BPD has put a sergeant accused of sending derogatory text messages to officers under his command on administrative leave. File photo: Kelly Sullivan

The Berkeley Police Department has put a sergeant accused of sending derogatory text messages to officers under his command on administrative leave.

City leaders have pledged to launch an independent investigation into the text messages purportedly sent by Sgt. Darren Kacalek, and into a former officer’s allegation that Kacalek pressured units he oversaw to meet “arrest quotas.” Kacalek also stepped down this week from his position as president of the Berkeley police union.

In a statement late Wednesday, Berkeley spokesman Matthai Chakko confirmed City Manager Dee Williams-Ridley had put Kacalek on leave.

On Tuesday night, city officials delayed a vote to appoint a new police chief amid the fallout over the leaked text messages and quota allegation.

The City Council was poised to hire Interim Chief Jen Louis as the Berkeley Police Department’s permanent leader. But local advocates and community leaders, including the city’s Police Accountability Board, called for the council to postpone that vote after the text messages were brought to light on Monday.

Berkeley police bike patrol officers
Berkeley police Sgt. Darren Kacalek, center, stands with members of the department’s Bike Detail. Credit: BPD

Several hours into Tuesday’s council meeting, Williams-Ridley — who had initially told the council she did not believe there was a need to pause Louis’ hiring — pulled the appointment from the agenda. Williams-Ridley said she made the change “in light of the community concerns that we’ve heard tonight and over the last few days.”

Former Berkeley police officer Corey Shedoudy, who was fired last year, alleged in an email to members of the City Council last Thursday that Kacalek created “arrest quotas” focused on unhoused residents for members of department’s Downtown Task Force and Bike Detail. Shedoudy also sent screenshots of text messages sent in 2019 and 2020 by a person identified as Kacalek making comments that have been roundly condemned as dehumanizing homeless and Black residents.
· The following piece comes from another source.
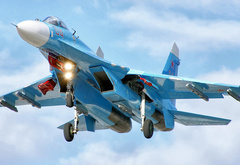 Су-27, самолёт, истребитель, небо, облака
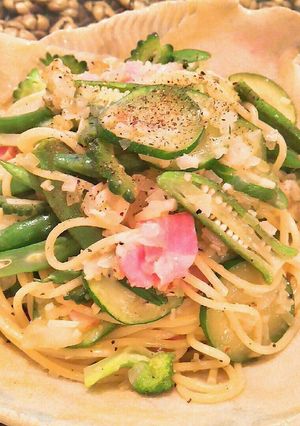5種の緑野菜で夏のペペロンチーノ-レシピのメイン写真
Williams-Ridley said she plans to bring Louis’ appointment back to the council once the independent investigation into Shedoudy’s allegations and the leaked messages has been completed, in an effort to “do everything that we can to ensure public trust, especially in this appointment.”
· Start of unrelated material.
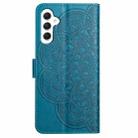 For Samsung Galaxy A16 5G Flower Embossed Leather Phone Case(Blue) - 3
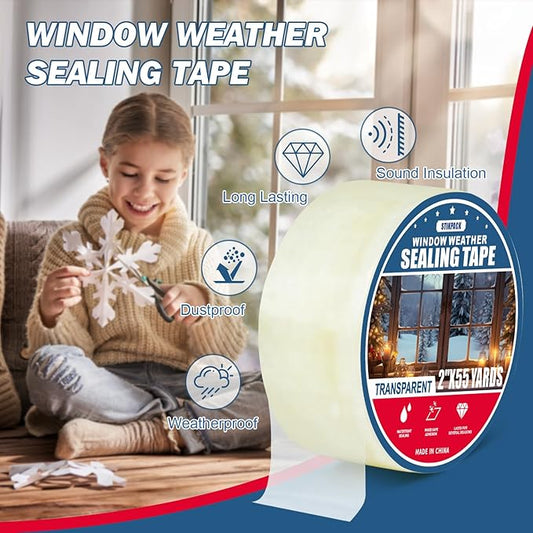 1Pack Window Weather Sealing Tape, 2in x 55y,Clear Window Insulation Tape for Doors Windows and Shower Glass Gaps,‎Waterproof,No Residue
Berkeley’s Police Accountability Board also took initial steps toward launching its own investigation during a special meeting Tuesday afternoon.

Louis has said she was not aware of Shedoudy’s allegations or the leaked messages until he contacted the council last week. Before becoming interim chief in 2021, Louis was the captain of the department’s support services division; the Bike Detail and Downtown Task Force were part of a separate operations division.
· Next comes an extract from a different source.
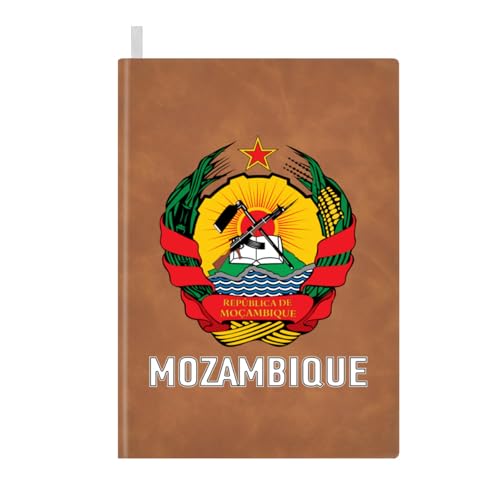 Coat of Arms of Mozambique Mozambican Flag Emblem Leather Journal for Men Women 100 Pages A5 Ruled Notebook Lined Notepad for Drawing Writing Note Taking Travel Diary for Work School Teachers Students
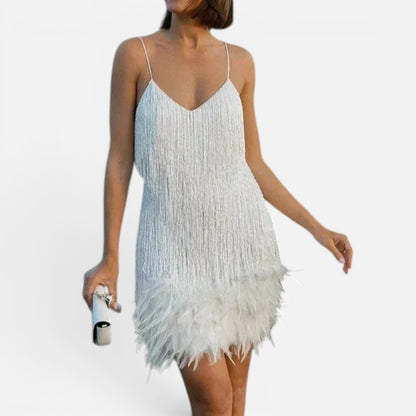 Duvrier | Women’s Sequin Mini Dress with Feather Trim – Party & Evening Dress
A headshot of Berkeley Police Chief Jen Louis
Interim Berkeley Police Chief Jen Louis. Credit: City of Berkeley

The Police Accountability Board voted during its meeting Tuesday to send a letter to the City Council urging that it postpone Louis’ appointment. Outgoing Vice Chair Nathan Mizell, who will soon be appointed to the Rent Board, had pushed for even stronger action to subpoena police records around the allegations, but the commission chose to wait to initiate a formal investigation.

“[The] interim chief and I have not been best friends … but this is not about us, it’s about how this system is supposed to work,” Mizell said, calling for all video and documented evidence surrounding the alleged police behavior.

During public comment for the Police Accountability Board’s meeting, about 20 people voiced their support for an investigation into the department and union; more speakers gave comments at the City Council meeting. Mansour Id-Deen, president of the Berkeley NAACP, told the board the allegations were representative of decades of similar concerns raised by his organization.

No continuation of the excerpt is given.